Examining SOAP

Summary

Introduction

While it is entirely possible to create Web Services without ever needing to understand the Simple Object Access Protocol (SOAP) messages exchanged between the provider and its consumers, developers will be much more enabled by understanding the structure and format of SOAP messages.

It is important to understand that the ASP.NET Web Services implementation of SOAP attempts to make available only those features of SOAP that make sense within the context of Web Services. For example, ASP.NET Web Services are by default bound to HTTP. The SOAP specification does not require HTTP - SOAP can be used with SMTP (Simple Mail Transfer Protocol) and File Transfer Protocol (FTP).

What is SOAP?

SOAP is a message format that allows two software systems to communicate with each other - regardless of what software or hardware platforms the two participating computers are using. This task is accomplished using industry standards such as HTTP and XML. The communication typically (but not necessarily) takes the form of a request for information and then the response to that request.

SOAP stands for Simple Object Access Protocol. 'Simple' in relation to other protocols such as DCOM and CORBA. 'Protocol' denotes a system where two parties can agree on the format of the message. 'Object Access' is a bit misleading because procedures are accessed and not objects. Although you can use SOAP to access object properties and methods, SOAP has nothing to do with Object Oriented Programming per se. SOAP does not require that a procedure be part of a class definition. SOAP is simply a message format that enables RPC between two remote computers.

SOAP and XML

RPC (Remote Procedure Call) is a technology that enables an application to call a procedure that resides somewhere else. This 'somewhere else' can be across the room, across the LAN or across the world over the Internet. SOAP utilizes XML to express RPC calls

Because XML is the way SOAP expresses RPCs, those calls are easy to read, from both a human and a computer perspective. Expressing RPCs as XML is helpful in two scenarios: First, because XML is human-readable, debugging can be fairly easy. In the second scenario, the developer can quickly create a filter that reads the SOAP message and modify it or monitor it as required. From a computer's perspective, SOAP is plain text and its specification is open.

The beauty of SOAP is that because it is just creating XML in a specific way (according to the SOAP specification), any programming language or scripting engine that can accept, parse, concatenate and return strings from procedures can provide and consume Web Services. With its roots in XML, SOAP is the perfect way to communicate between applications because there is no affinity for one programming language, platform, hardware type, or network.

Because SOAP is XML, it can be transmitted on any port to complement any number of other protocols. SOAP is often sent over HTTP on port 80, but it is not limited to HTTP or to port 80. SOAP can be transmitted over any port. SOAP can also be transmitted using any other protocol such as SMTP, FTP, or any other conceivable protocol.
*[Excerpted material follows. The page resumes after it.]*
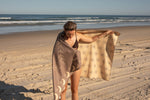 Beige recycled beach towel with moon and star print, displayed on beach by woman wrapping around shoulders preview #10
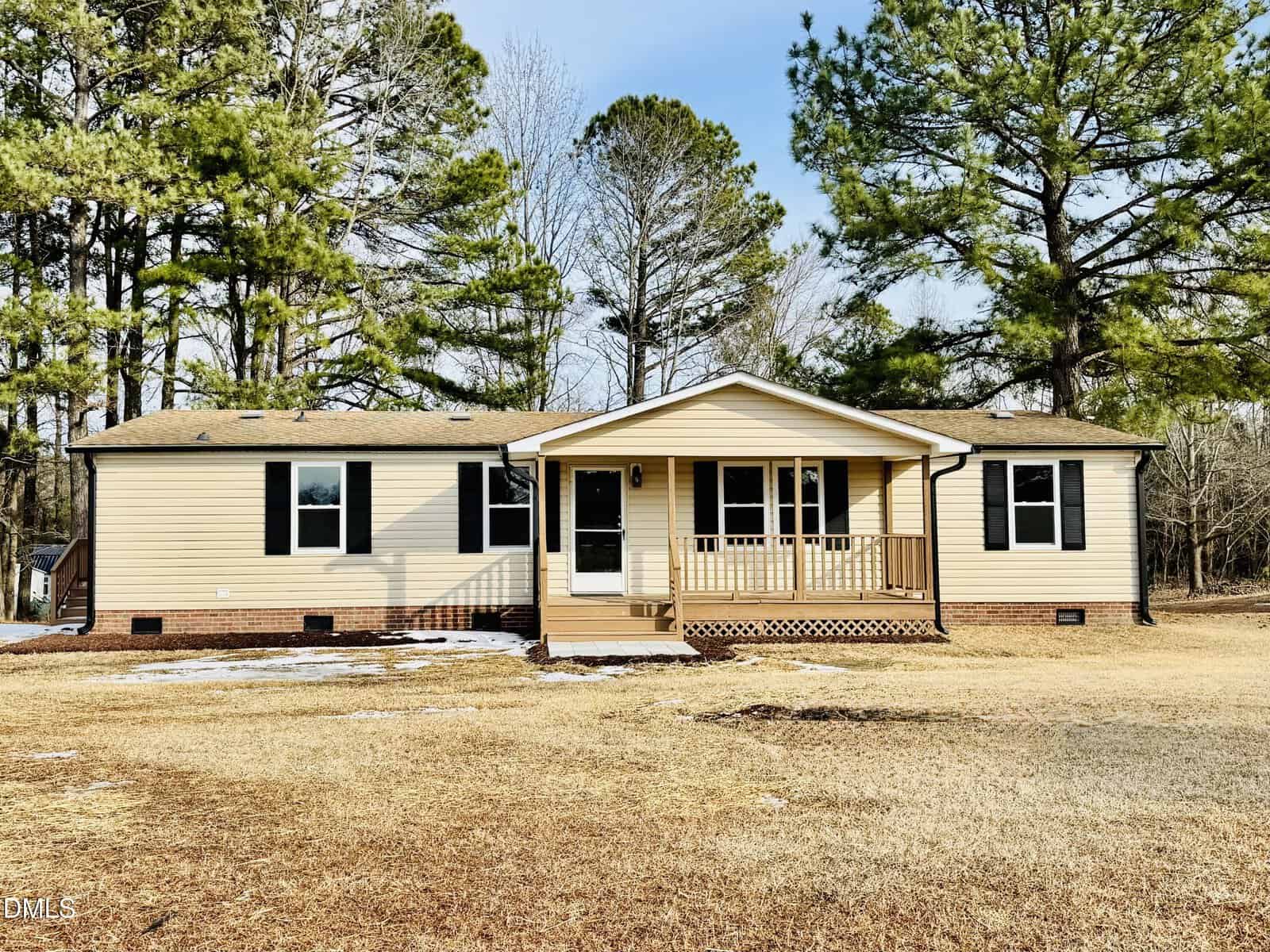 A beige, single-story house with black shutters, a small covered porch, and a brick foundation sits on a large, grassy lot with tall pine trees in the background under a clear sky.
What is important to remember is that because SOAP is plain text sent over HTTP via port 80, you gain the benefit of offering Web Services to the world without requiring your system administrator to open any holes (data ports) in your firewall. Being able to use port 80 is an important benefit over other RPC technologies that require other ports to be opened for them to function properly. Recall that opening other ports to accommodate other technologies is more of a security risk.

SOAP vs. Other RPC Technologies

Over the last decade, several RPC technologies emerged, such as DCOM and CORBA. One problem with DCOM and CORBA is that when implementing one, you are tied to a single vendor. Another problem is that both DCOM and CORBA rely on a predictable environment. Still another problem is that both DCOM and CORBA are fairly difficult to build when compared with the rather open and text-based approach of SOAP.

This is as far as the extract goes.